Records excerpted from a collection:

════════

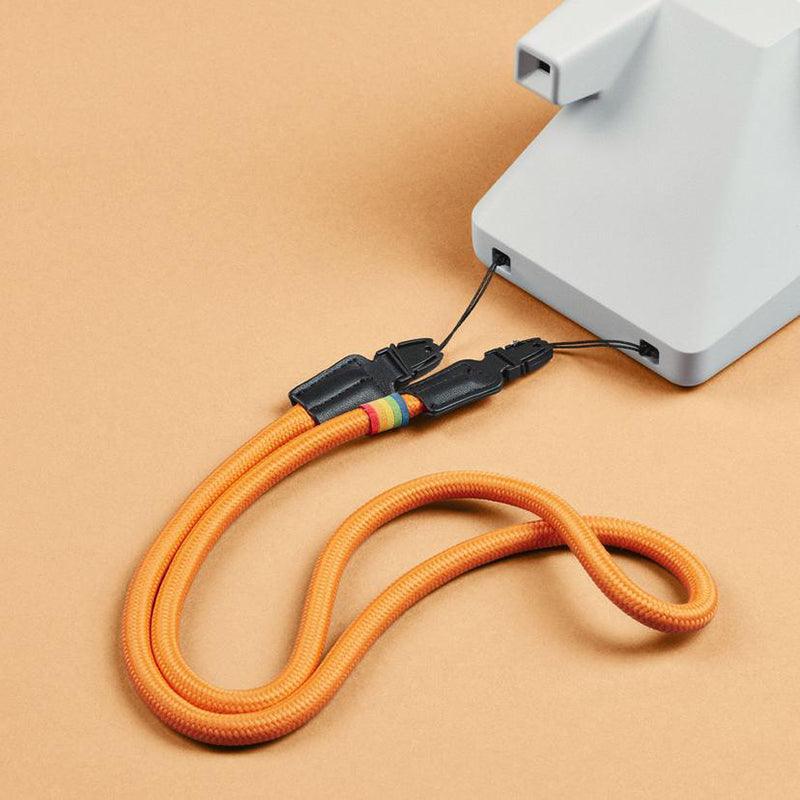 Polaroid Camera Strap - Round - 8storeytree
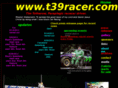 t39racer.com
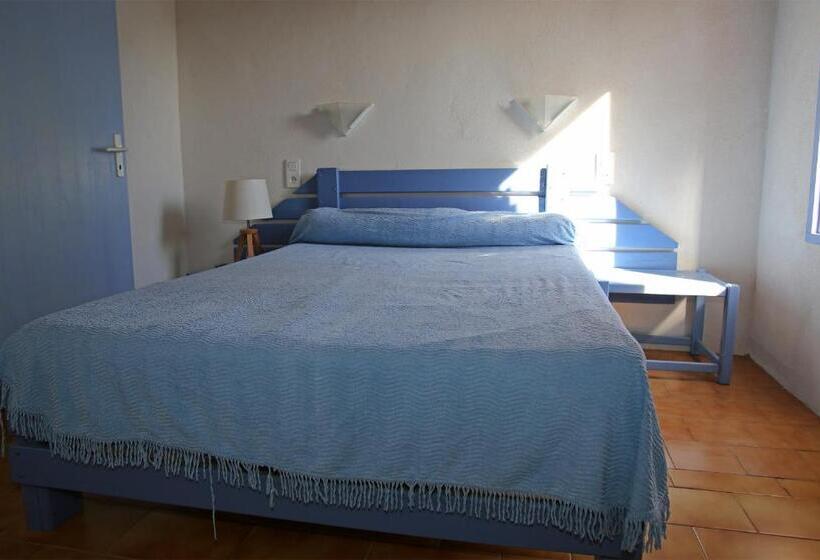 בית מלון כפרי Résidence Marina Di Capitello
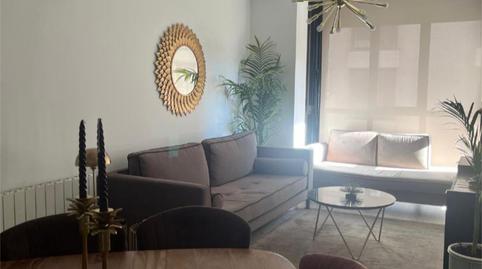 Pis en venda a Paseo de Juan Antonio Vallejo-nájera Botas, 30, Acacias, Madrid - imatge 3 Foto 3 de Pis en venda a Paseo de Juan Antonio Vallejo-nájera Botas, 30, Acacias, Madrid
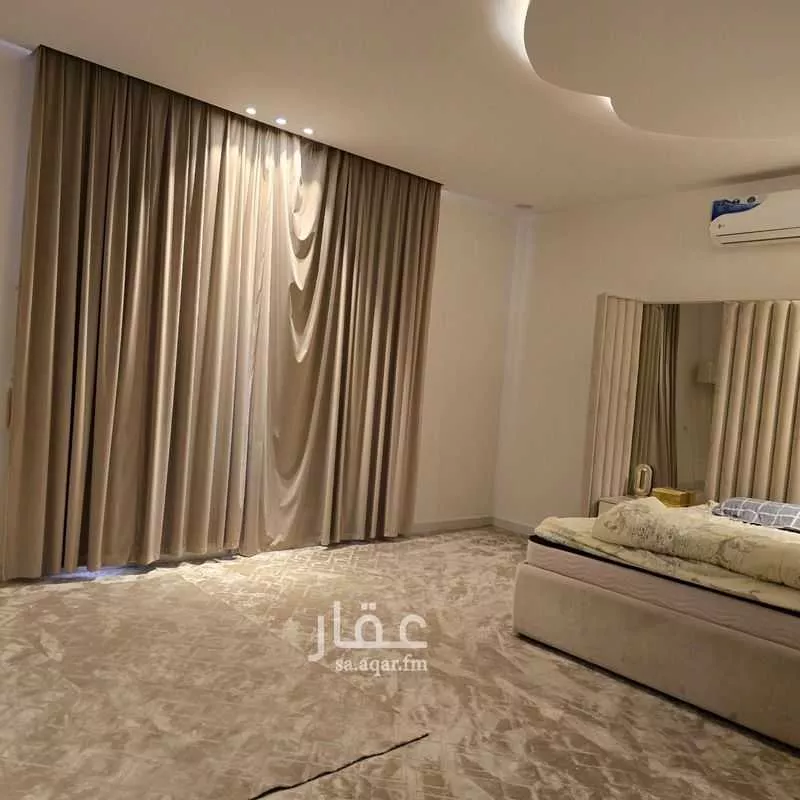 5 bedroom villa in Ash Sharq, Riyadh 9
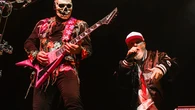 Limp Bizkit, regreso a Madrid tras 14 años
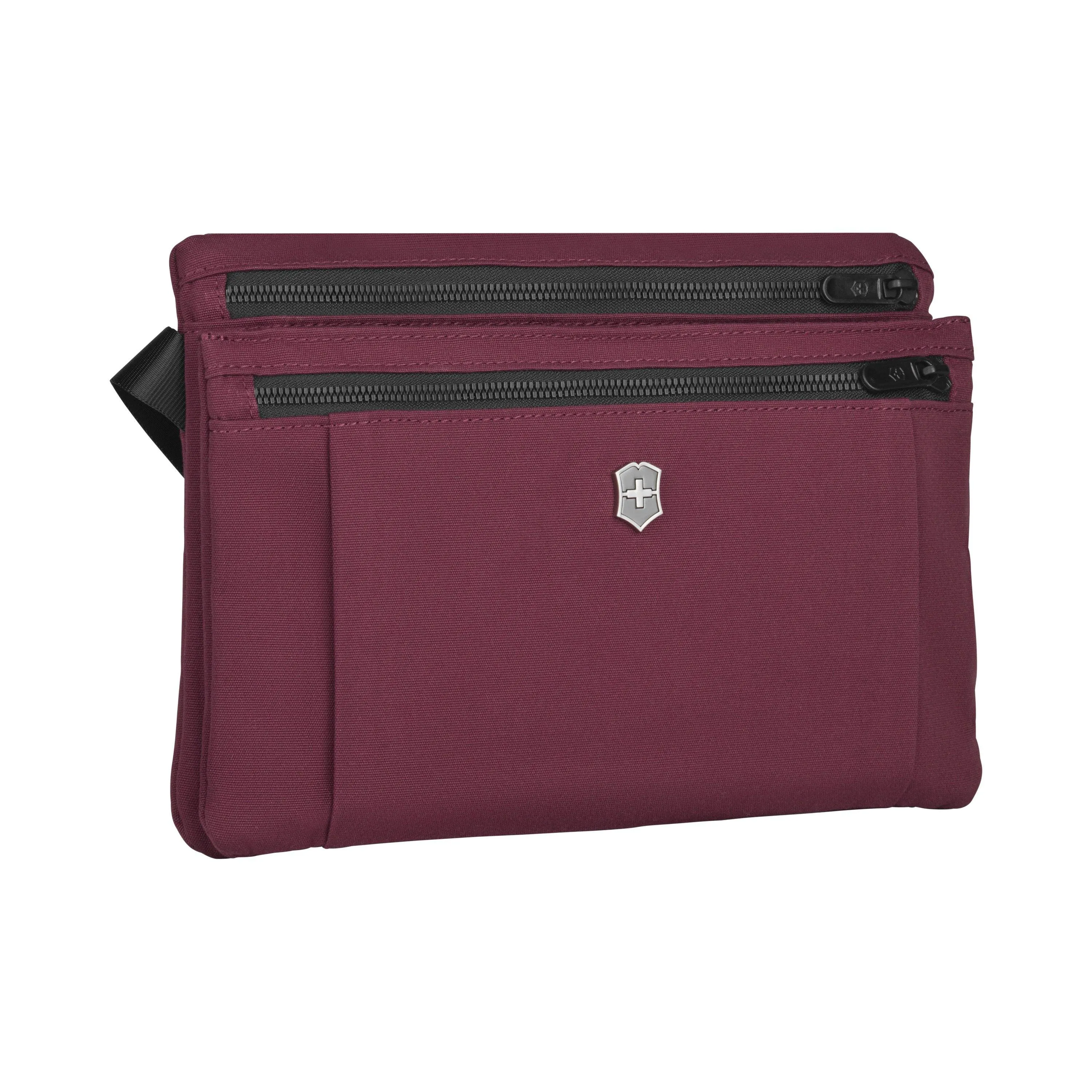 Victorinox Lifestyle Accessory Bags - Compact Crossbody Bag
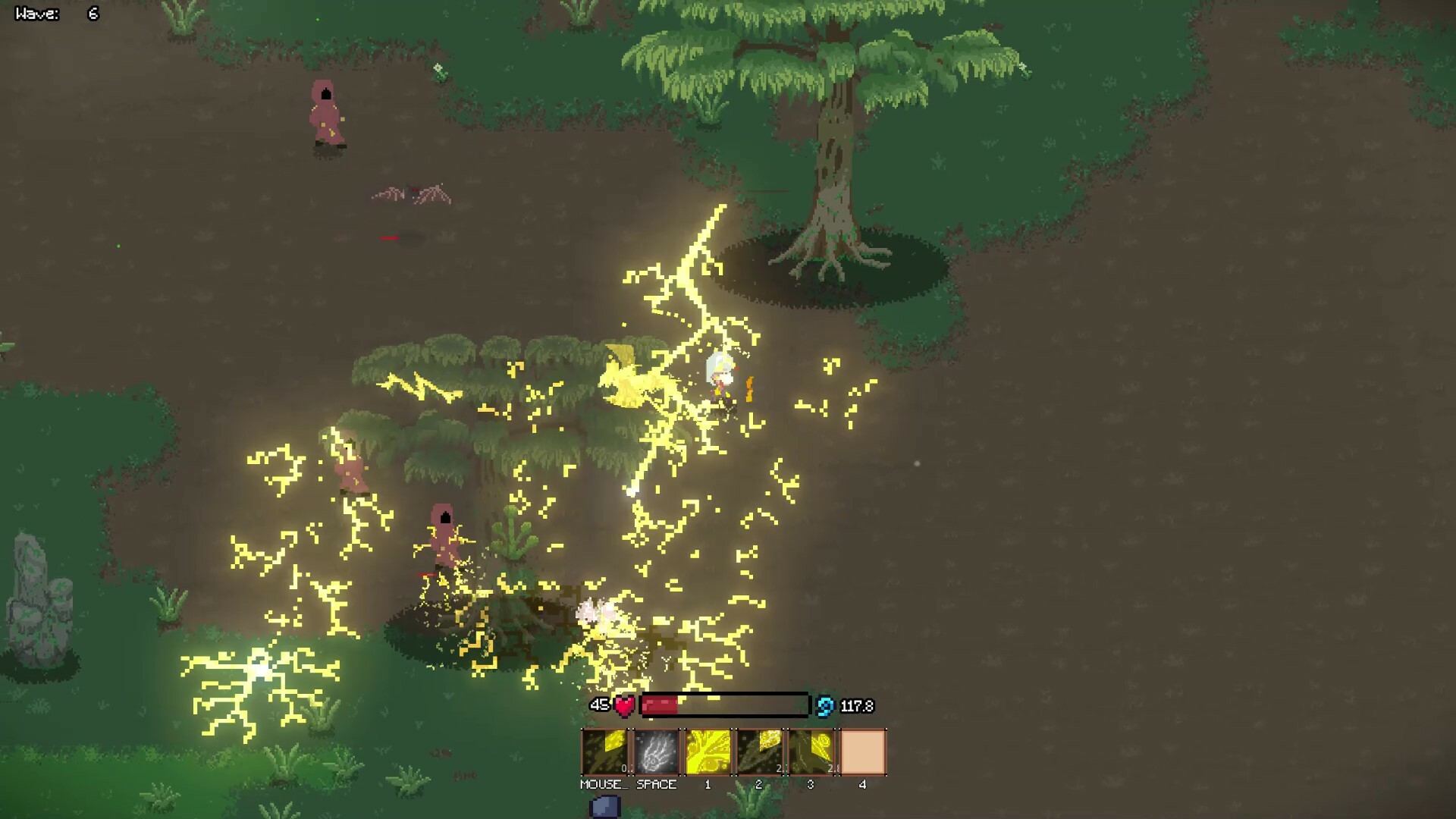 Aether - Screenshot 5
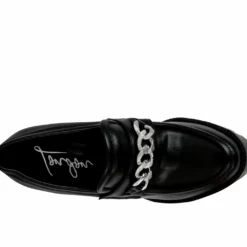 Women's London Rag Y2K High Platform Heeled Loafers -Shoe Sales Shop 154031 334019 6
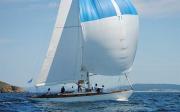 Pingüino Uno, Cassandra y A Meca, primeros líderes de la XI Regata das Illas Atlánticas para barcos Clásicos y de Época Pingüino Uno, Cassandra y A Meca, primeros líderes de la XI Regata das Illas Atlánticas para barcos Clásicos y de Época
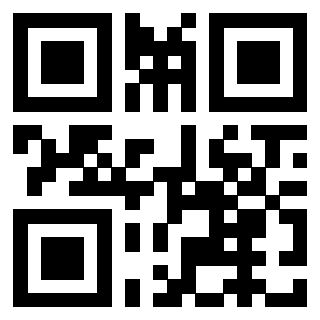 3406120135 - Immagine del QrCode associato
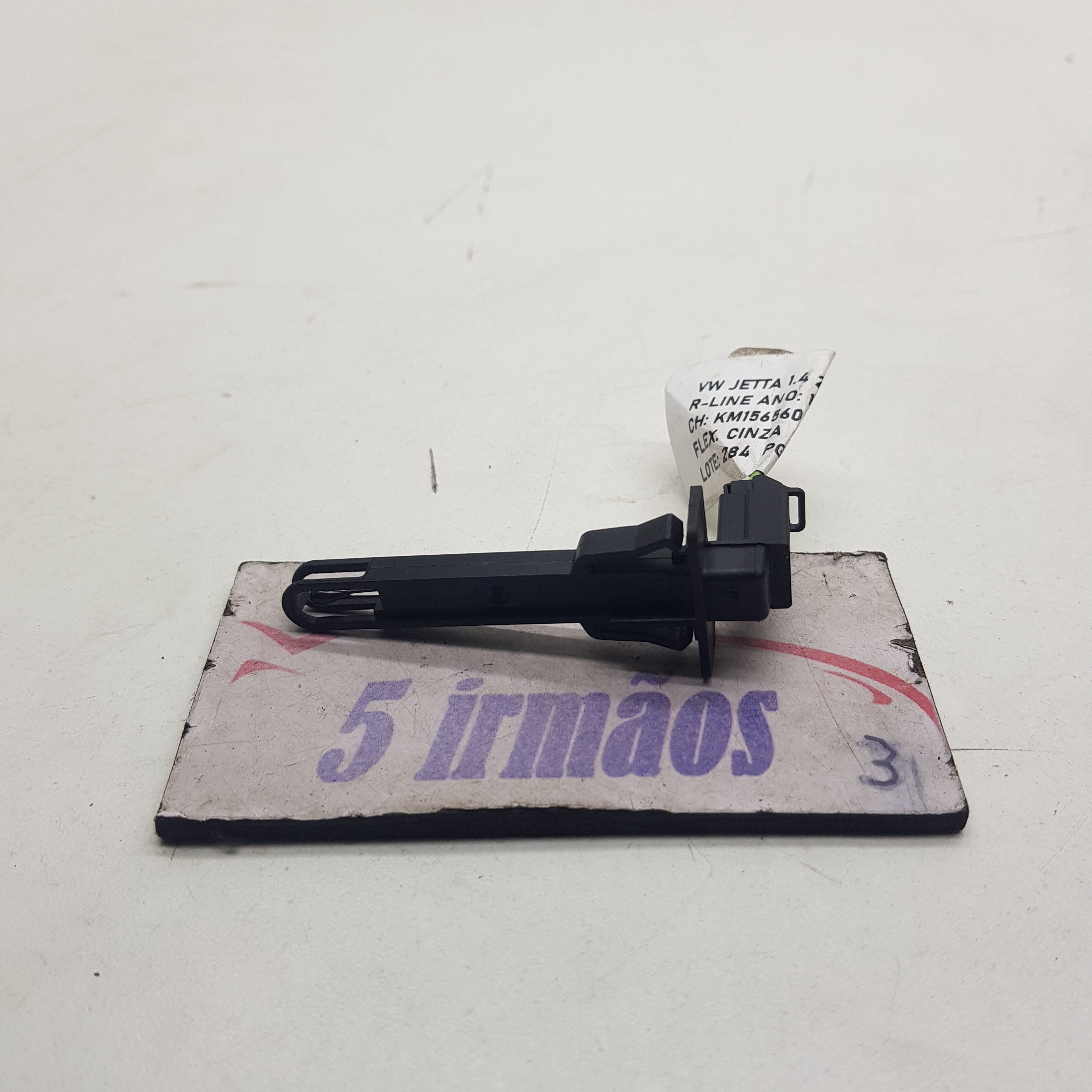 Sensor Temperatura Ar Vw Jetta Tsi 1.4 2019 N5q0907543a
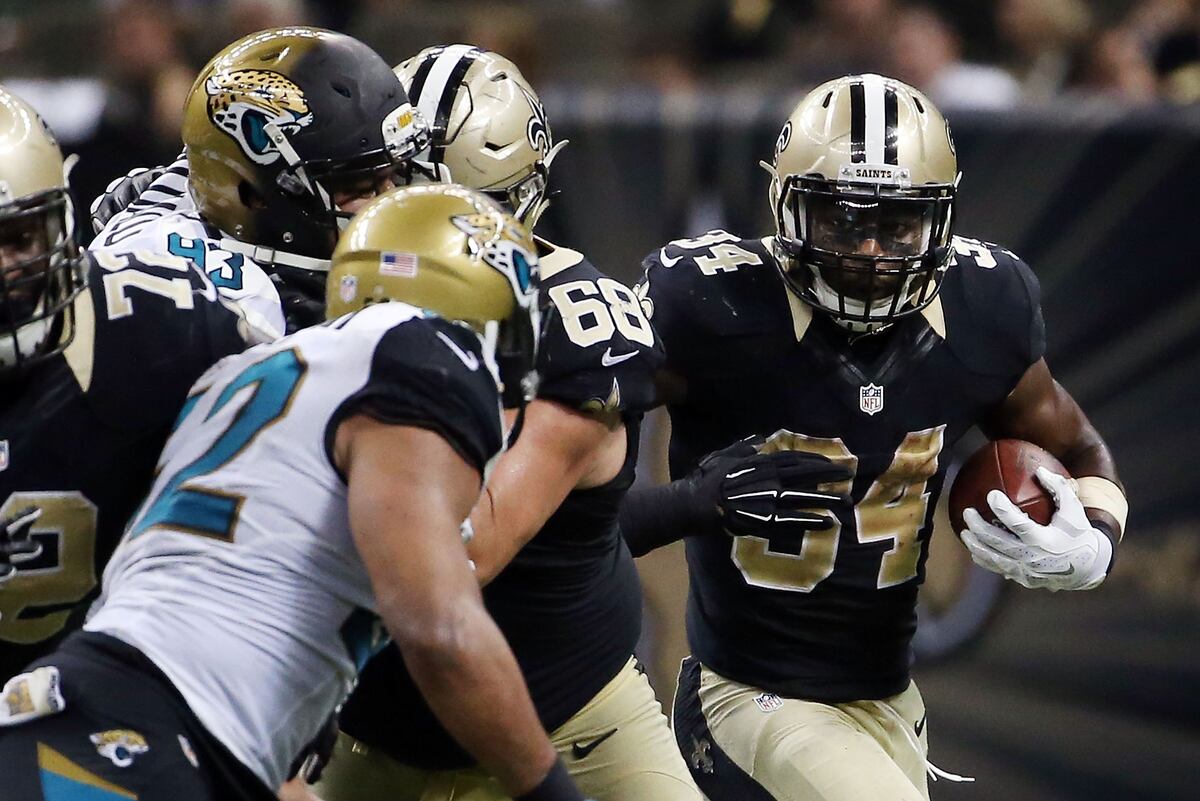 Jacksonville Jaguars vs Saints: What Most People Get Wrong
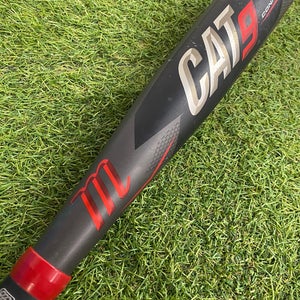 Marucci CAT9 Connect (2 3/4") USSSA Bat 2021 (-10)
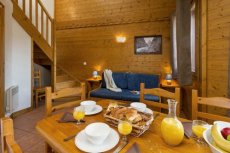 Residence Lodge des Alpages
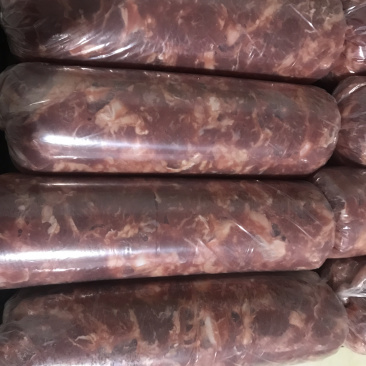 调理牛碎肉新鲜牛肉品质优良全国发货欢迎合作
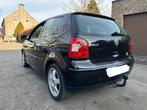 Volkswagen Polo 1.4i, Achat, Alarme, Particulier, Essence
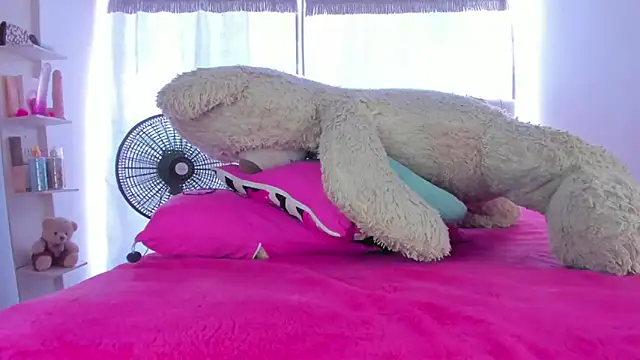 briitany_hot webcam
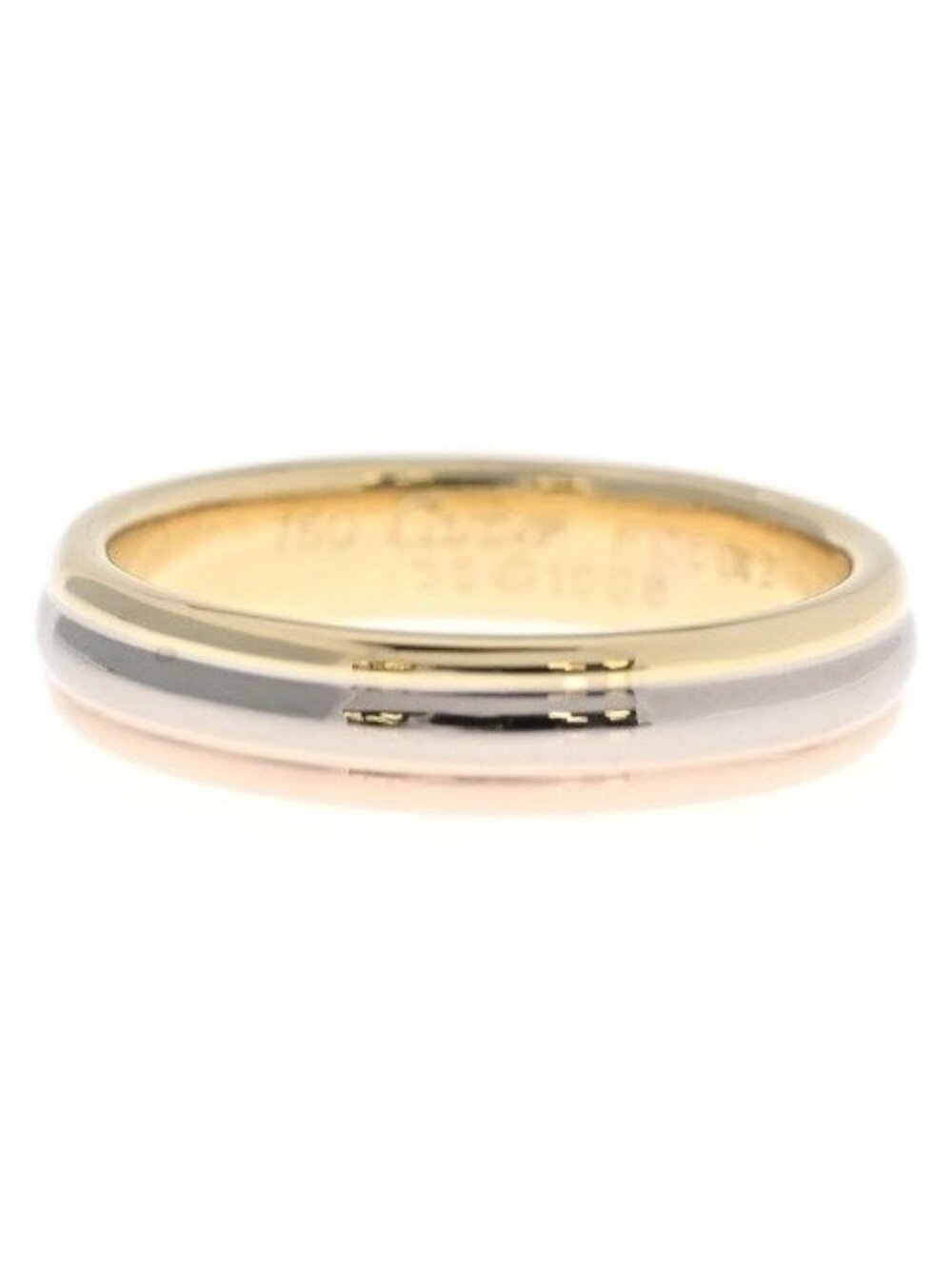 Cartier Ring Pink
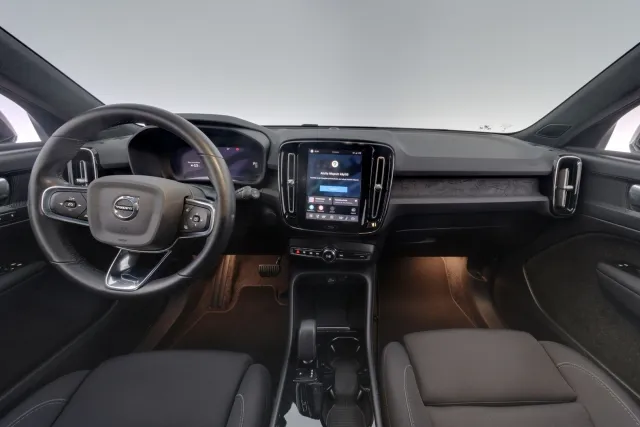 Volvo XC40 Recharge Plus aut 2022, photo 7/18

════════

> **WHAT IS BEING ASKED**:
Retype the entries above exactly. Stop after the line containing "5 bedroom villa in Ash Sharq, Riyadh 9", and omit the pictures.

> **ANSWER SPACE**:
 Polaroid Camera Strap - Round - 8storeytree
 t39racer.com
 בית מלון כפרי Résidence Marina Di Capitello
 Pis en venda a Paseo de Juan Antonio Vallejo-nájera Botas, 30, Acacias, Madrid - imatge 3 Foto 3 de Pis en venda a Paseo de Juan Antonio Vallejo-nájera Botas, 30, Acacias, Madrid
 5 bedroom villa in Ash Sharq, Riyadh 9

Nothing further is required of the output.